Quantifying the Idea of Updating beliefs

6 minute read

Everyone has their go-to example to explain Bayesian Updating. Mine’s just a bit… scary!

Each of us holds a set of beliefs that we have developed through our experiences. Every time we have to make a decision, we tend to base it on those belief i.e. our attitude towards the world at that given time. Although the ability to always search for the motivation to change/update self-beliefs are important for us to make a better decision yet human factors like ego, blind superstition, etc comes as a tyrannical force to prevent us from changing or updating our self-beliefs.

Karl Popper refers to this concept of Idea of Falsification which asserts that science progresses by disproving hypotheses rather than proving them definitively. In line with this, we believe that updating our beliefs in light of new evidence is essential for scientific advancement. For instance, our previous view regarding the form of the Earth was that it was flat, but with the advent of new scientific tools, we can today conclude that it is roughly a sphere. And later we updated our beliefs, and maybe in the future from a different dimension (if exists) Earth’s form can be different from the sphere.

Quantifying and Updating Beliefs (Bayesian formula)

\[P(\theta|evidence)=\frac{P(\theta)*P(evidence|\theta)}{P(evidence)}\]

If you peek at the right side of our equation; this side incorporates both our existing beliefs and the likelihood of the evidence (data); \(P(\theta)\) is our existing belief on \(\theta\) which is called a Prior and P(\(evidence|\theta )\) is our likelihood of the evidence. Thus the left side P( \(\theta| evidence\) )is our updated belief on \(\theta\) . For instance, back to the above analogy; \(\theta\) can be the believed form of the Earth today.

Updating Beliefs about Ghost!! Just a toy example

Scenario

Imagine you’re moving into a new home—this is how the opening scene of many horror films begins. You had some strange experiences and made the decision to keep watch every night for a few days to see what would happen,but how could we reflect these prevailing notions mathematically; Using Bayesian approach, the unknown probability of ghost(p) would be treated as a random variable and given a distribution.Let’s plot some of the Prior beliefs before we discuss its underlying distributions.
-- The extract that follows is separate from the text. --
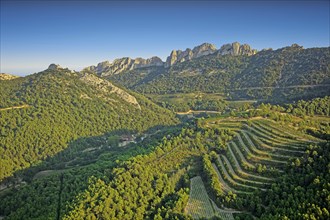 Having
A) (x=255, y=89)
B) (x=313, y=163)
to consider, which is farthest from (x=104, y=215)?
(x=255, y=89)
Prior distributions visualization for Bayesian updating in marketing and belief analysis

Fig 1: Prior Distributions

The above plots are some of our prior distribution which will be explained below, the shaded region indicates that the mass of probability is in that region.

The prior shown in Fig 1 (first from the left), where the shaded region is flat across all values from 0 to 1, suggests a complete lack of prior knowledge or awareness of the phenomenon—almost as if I’m new to the planet, having never heard about ghosts. This first prior is neutral, meaning that all probabilities from 0 to 1 are equally likely. However, we can improve upon this assumption. While ignoring scientific information for the fun of this example, most of us hold certain beliefs shaped by watching countless horror movies or hearing ghost stories from our grandmothers. The rest of the priors reflect that most people hold preconceived beliefs about the existence of ghosts.

The prior shown in Fig 2 (second from the left) suggests that I am more inclined to believe that ghosts don’t exist, though there is still a small chance that they might.

Similarly, Prior from Fig 3 suggests that there is a 50/50 possibility of ghost. The shape of the distribution implies moderate confidence in the 50% belief but doesn’t entirely rule out extreme possibilities.

The prior shown in Fig 4 indicates that I have stronger beliefs in the existence of ghosts, although I still have some uncertainty.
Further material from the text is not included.